- Occupations: Creative director, illustrator and co-owner and co-founder of Rifle Paper Co.
- Spouse: Nathan Bond
- Website: riflepaperco.com

= Anna Bond (illustrator) =

Chief creative officer, illustrator

Anna Bond is the chief creative officer, illustrator and co-owner of Rifle Paper Co, an international stationery and gift brand. She founded the company with her husband in 2009. As of 2016 the company reported $21.4 million in company revenue and has more than 90 product offerings.

==Career==
Bond received a bachelor's degree in graphic design. After graduation, RELEVANT Media Group hired Bond as an art director. In 2008, she worked as a freelance illustrator and designed posters for Band Marino, her husband's band, as well as multiple clubs. Bond developed a line and established a company after designing wedding invitations for her friends. In November 2009, Bond founded Rifle Paper Co. with her husband Nathan Bond.

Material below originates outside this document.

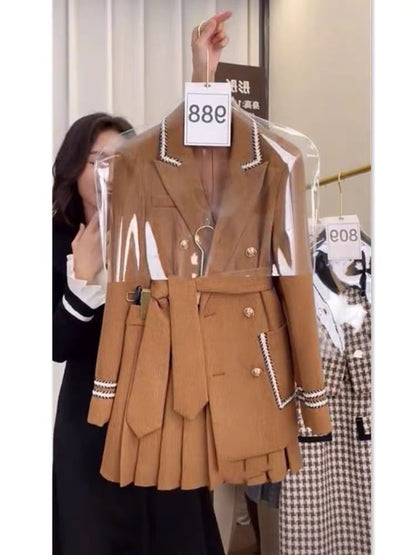 Light luxury socialite Xiaoxiangfeng 2023 early autumn foreign style age-reducing temperament hits the street Versailles high-end suit skirt for women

Anna Bond spoke at a CreativeMornings event in January 2013. In February 2015, Bond illustrated the 150th edition of Alice's Adventures in Wonderland. She received the ADC Young Guns 12 award the following month. The award recognizes promising art directors under the age of 30. Bond's illustrations have been featured in publications including Martha Stewart Living; O, The Oprah Magazine; Southern Living; InStyle;Lucky and Real Simple Wedding.

==Personal life==
Anna Bond is married to Nathan Bond and resides in Winter Park, Florida.